The U.S. Navy has angered Beijing by regularly conducting FONOPs close to some of the islands China occupies in the waterway, including its man-made islets, asserting that freedom of access is crucial to international waterways.
Washington has lambasted Beijing for its moves in the South China Sea, including the construction of the man-made islands — such as those in the Spratly chain and further north in the Paracels — some of which are home to military-grade airfields and advanced weaponry.
The U.S. fears the outposts could be used to restrict free movement in the waterway, which includes vital sea lanes through which about $3 trillion in global trade passes each year.
Beijing says it has deployed the advanced weaponry to the islets for defensive purposes, but some experts say this is part of a concerted bid to cement de facto control of the waters.
In a defense white paper released last October, China highlighted a new emphasis on “combat readiness and military training in real combat conditions” and new war-fighting capabilities in the Western Pacific and South China Sea.

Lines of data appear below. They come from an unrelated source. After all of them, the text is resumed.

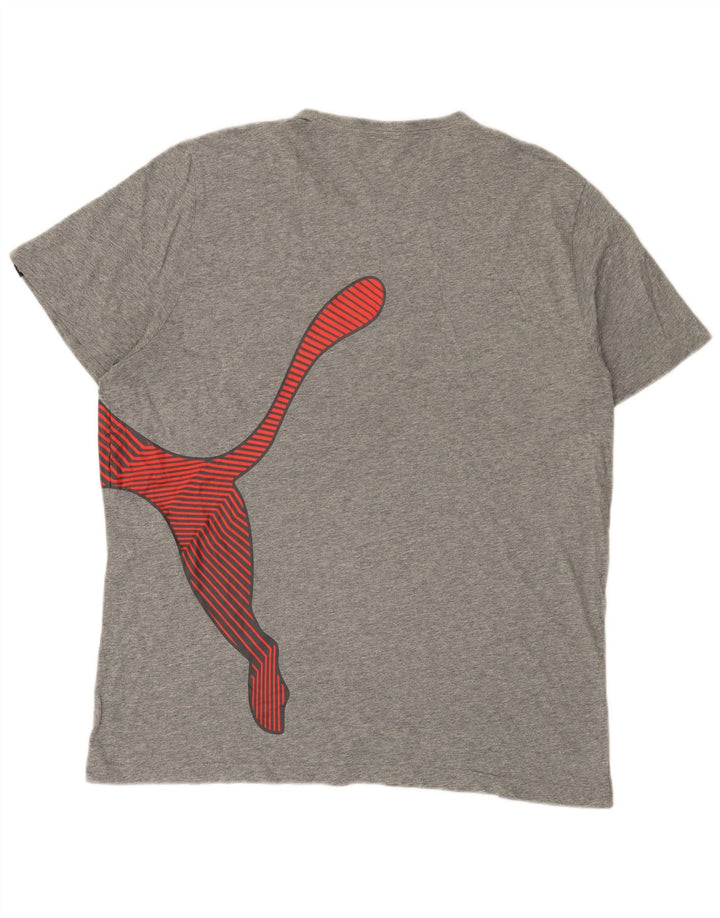 Puma Herren Grafik T-Shirt Top 2XL Grau meliert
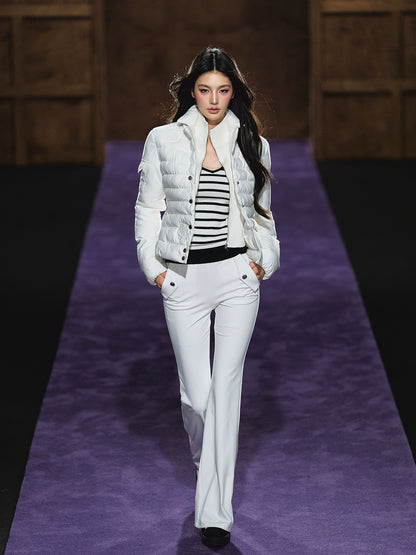 High-Neck Fitted Lightweight Down Jacket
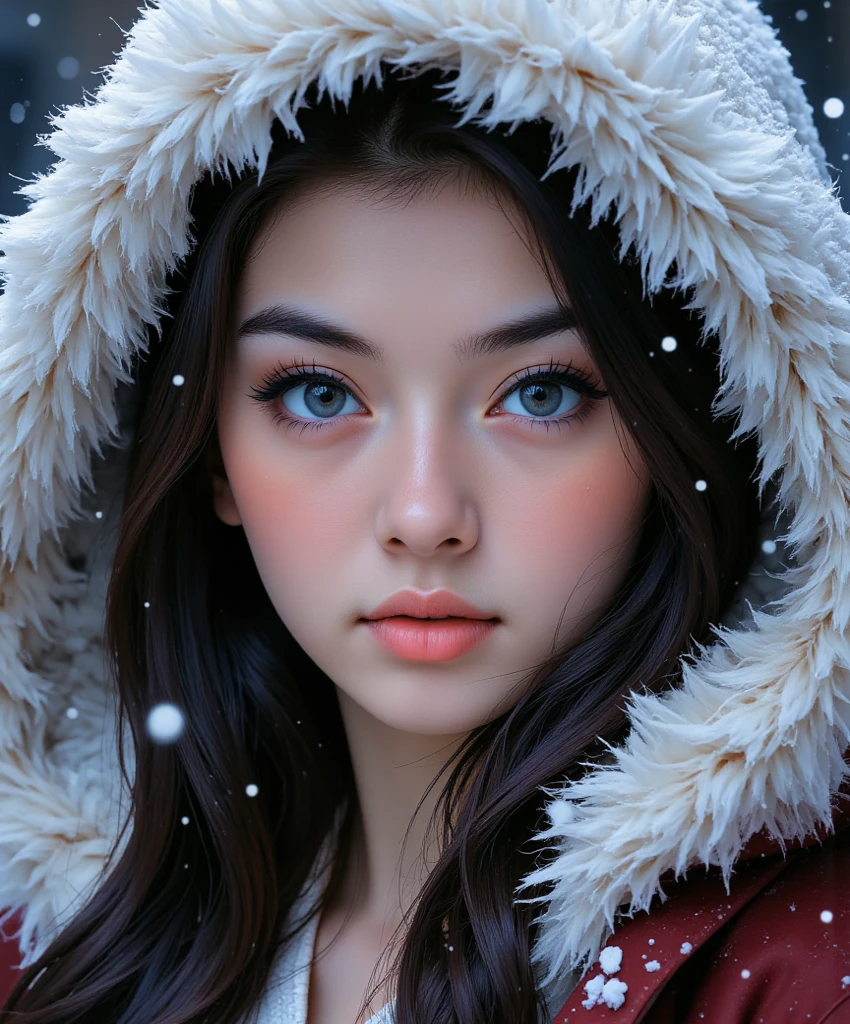 Ultra-realistic、 ultra-detailed portraits、 最high quality、 8K、highest level、 The ultra -The high-definition、(Super beautiful detailed face:1.5)、(detailed eyes:1.2)、(detailed lips:1.2)、(Detailed nose:1.2)、cinematic lighting、(anatomically correct:1.3)、((cleavage))、(I encourage you to choose a subdued and perfectly coordinated background for your phenomenal, diverse random creation)、(Use any technique of combining materials, natural, artificial, (light, heavy, airy), metals, elements and fantasy magic, any style, any outfit, choose eyes color, ((hair is a different color than eyes)), dynamic random fancy, professional hairstyles)、1girl:1.4 22years old、fashion supermodel、real:1.66、photorealistic:1.66、(very delicate and beautiful、fine details:1.3)、masterpiece、 最high quality、 (high quality)、 (absurdres)、 (sharp fous)、(Glamour, paparazzi taking pictures of her)、 contrast、 (dark shot:1.07)、red_lipstick:1.25、((perfect round eyes))、((snow-white fur with a hood with a raw wolf skull on the head:1.24))、(matte skin:1.3)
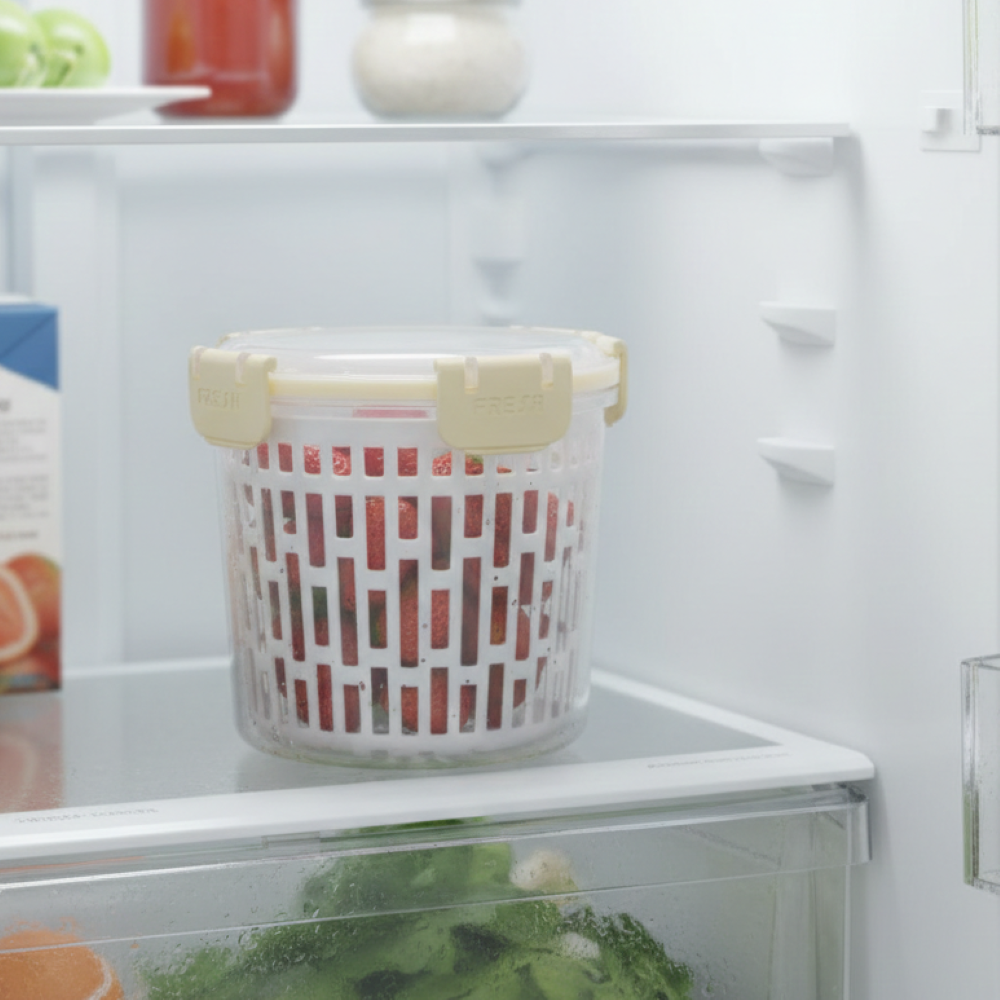 Контейнер для зберігання продуктів 2.2л, Fresh / Судок зі знімним кошиком / Двошарові пластикові контейнери / Круглий судок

Beijing, the white paper said, “has organized naval parades in the South China Sea” and “conducted a series of live force-on-force exercises” while its air force “has conducted combat patrols in the South China Sea and security patrols in the East China Sea, and operated in the West Pacific.”
According to some experts, the South China Sea could turn into a cauldron in 2020.
This year “could see a mellowed-down China which is preoccupied with festering domestic problems ranging from economic slowdown as a result of the trade war with the United States to turmoil in Hong Kong,” Collin Koh, a research fellow and maritime security expert at the S. Rajaratnam School of International Studies in Singapore, wrote on the East Asia Forum website. “But Beijing will not completely foreswear the use of coercion.
“This may create concerns about a possible military confrontation between China and the United States,” he added.